*Problem*
No picture belongs in the copy. Repeat each line below exactly.

── Data to process

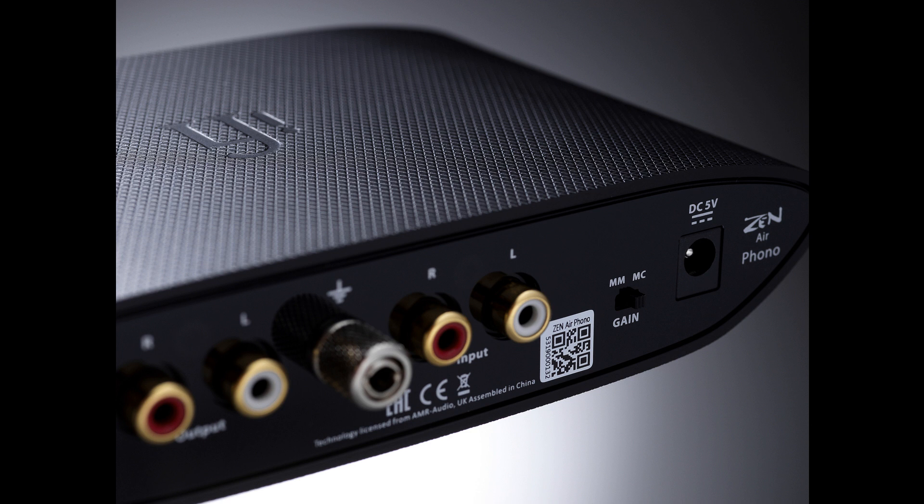The ZEN Phono's 4 gain settings to suit different cartridge types are replaced by a simple MM/MC switch: 40 dB or 64 dB gain. The ZEN Airphono's high-gain MC circuit still delivers a remarkable signal-to-noise ratio of -82 dB. No other phono stage at the price comes close.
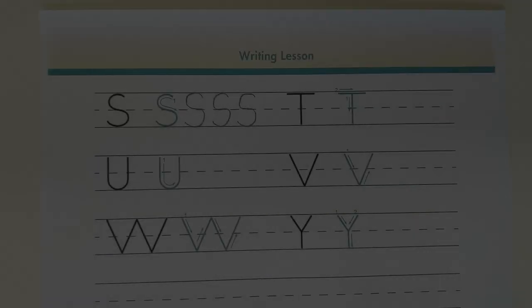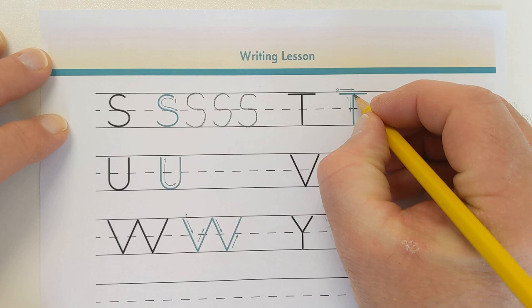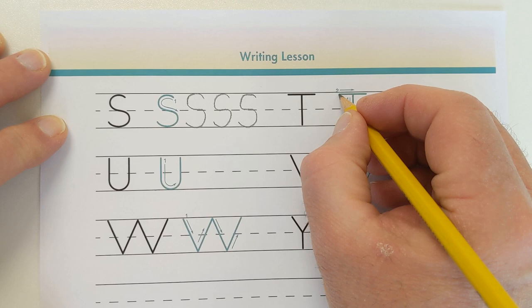Watch as I write the capital letter T. The steps are: begin at the number 1 and make a straight line going down. Then go back to the top. Begin at the number 2 and make a horizontal line across the top of line 1.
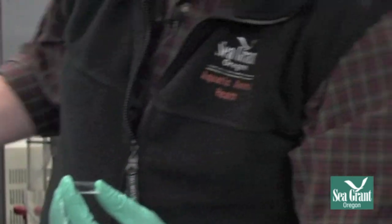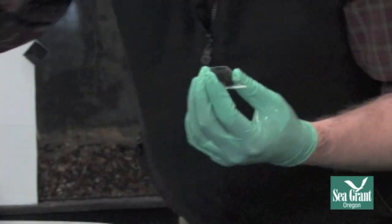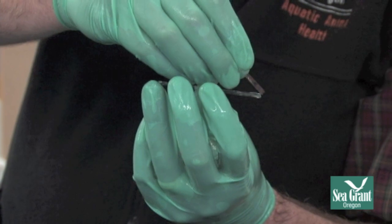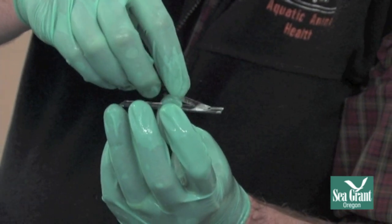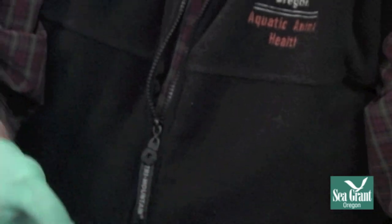You can see you get a fair amount of mucus. Then we just take a drop of water from the tank or pond the fish came out of, and take a cover slip and pull that mucus back into the drop of water, then just drop it straight down. It spreads out nicely, and then we go look at that under the microscope.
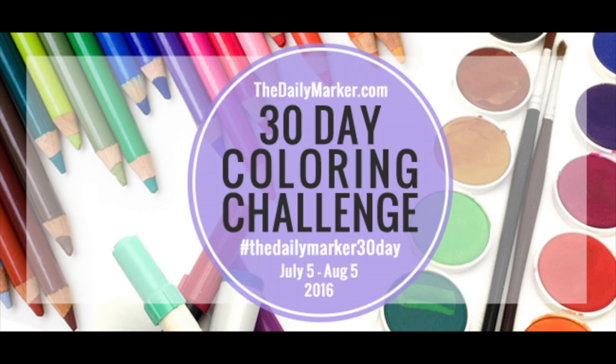Here's my brand new logo for the coloring challenge. So sorry for blabbing on. Have a great day and thanks for watching.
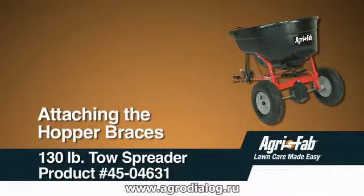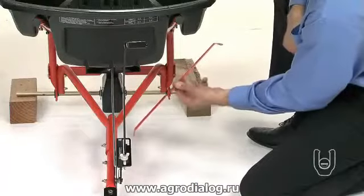This segment will show you how to attach the hopper braces. Locate the hopper braces, part 11.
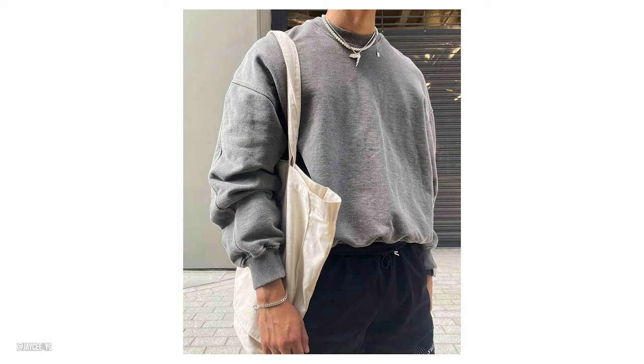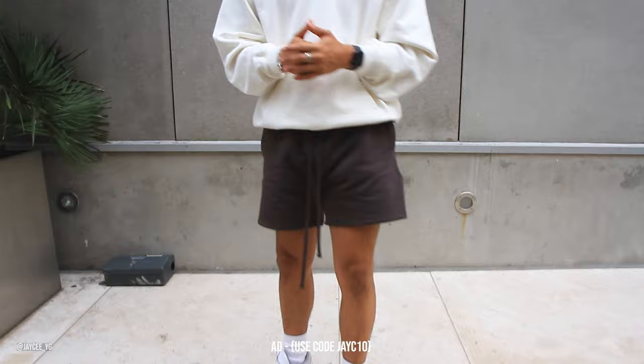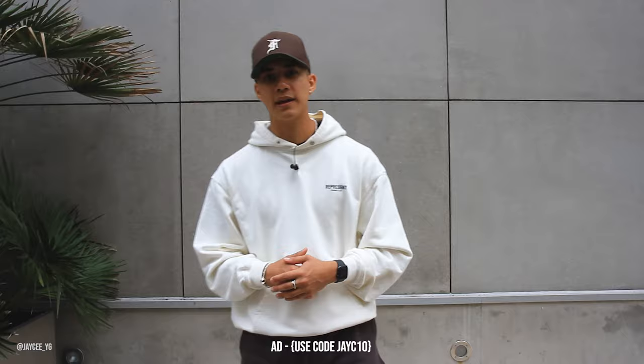I forgot to mention that this video is sponsored by Minimal LA. As you guys can see, I'm wearing their everyday sweatshorts — something I wear all the time. I really love them, they're super cozy, and as you can see they go with pretty much anything. Definitely recommend checking Minimal LA out and using code JC10 to save 10% off your order at checkout.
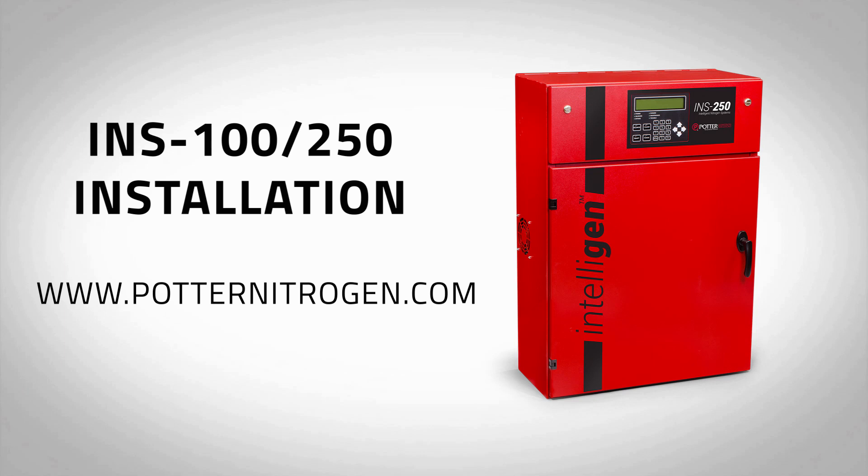This completes the installation for Potter's INS-100 and INS-250 Nitrogen Generator. For more information, please visit www.potternitrogen.com.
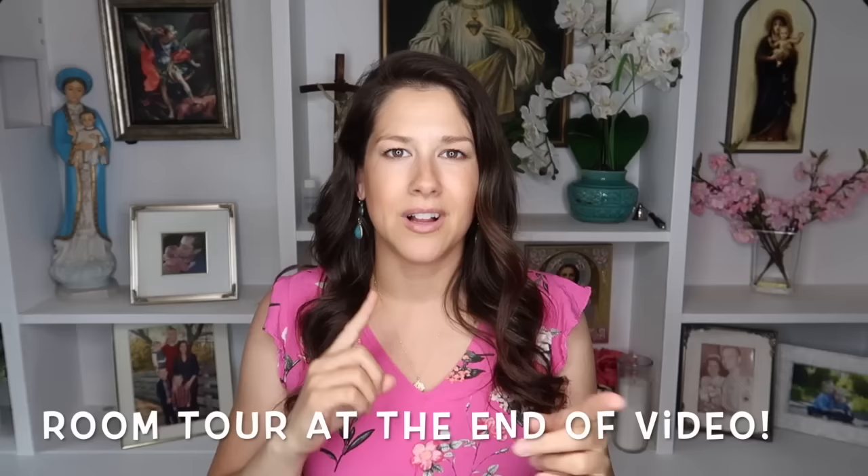Up above here are all the statues of Mary that I have collected. At the end of the video I'm going to go through each one because people have asked me to. So I want to give you guys a little tour of my prayer room. This whole room is our prayer room. We have a couch over there and I spend a lot of time in this room — a lot more than I thought. I thought I'd be in the kitchen most of the days but I'm actually in here reading with the kids, doing my prayers, and reading books.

────

*Result of the task*
The ZEN Phono's 4 gain settings to suit different cartridge types are replaced by a simple MM/MC switch: 40 dB or 64 dB gain. The ZEN Airphono's high-gain MC circuit still delivers a remarkable signal-to-noise ratio of -82 dB. No other phono stage at the price comes close.
Watch as I write the capital letter T. The steps are: begin at the number 1 and make a straight line going down. Then go back to the top. Begin at the number 2 and make a horizontal line across the top of line 1.
You can see you get a fair amount of mucus. Then we just take a drop of water from the tank or pond the fish came out of, and take a cover slip and pull that mucus back into the drop of water, then just drop it straight down. It spreads out nicely, and then we go look at that under the microscope.
Here's my brand new logo for the coloring challenge. So sorry for blabbing on. Have a great day and thanks for watching.
This segment will show you how to attach the hopper braces. Locate the hopper braces, part 11.
I forgot to mention that this video is sponsored by Minimal LA. As you guys can see, I'm wearing their everyday sweatshorts — something I wear all the time. I really love them, they're super cozy, and as you can see they go with pretty much anything. Definitely recommend checking Minimal LA out and using code JC10 to save 10% off your order at checkout.
This completes the installation for Potter's INS-100 and INS-250 Nitrogen Generator. For more information, please visit www.potternitrogen.com.
Up above here are all the statues of Mary that I have collected. At the end of the video I'm going to go through each one because people have asked me to. So I want to give you guys a little tour of my prayer room. This whole room is our prayer room. We have a couch over there and I spend a lot of time in this room — a lot more than I thought. I thought I'd be in the kitchen most of the days but I'm actually in here reading with the kids, doing my prayers, and reading books.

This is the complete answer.